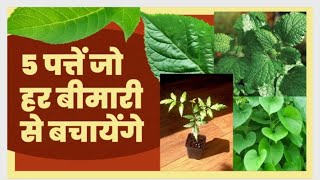 5 चमत्कारी पत्ते 🌿 जो बचाएंगे सैकड़ों बीमारियों से! 😱✨ 5 Miracle Leaves Save You from 100 bimari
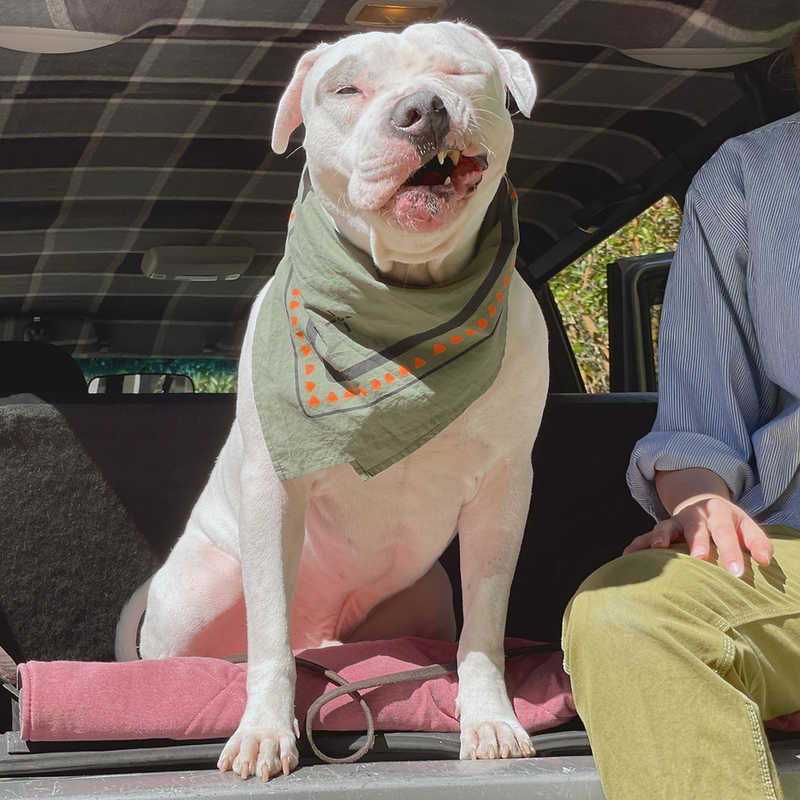 Spruce Green Bandana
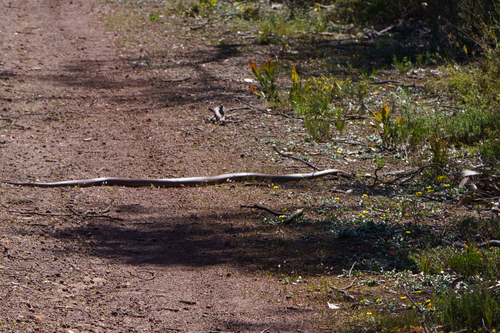 Eastern Brown Snake sighting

• **What you have to do**
Leaving every picture aside, repeat the listing exactly.

• **Result**
 5 चमत्कारी पत्ते 🌿 जो बचाएंगे सैकड़ों बीमारियों से! 😱✨ 5 Miracle Leaves Save You from 100 bimari
 Spruce Green Bandana
 Eastern Brown Snake sighting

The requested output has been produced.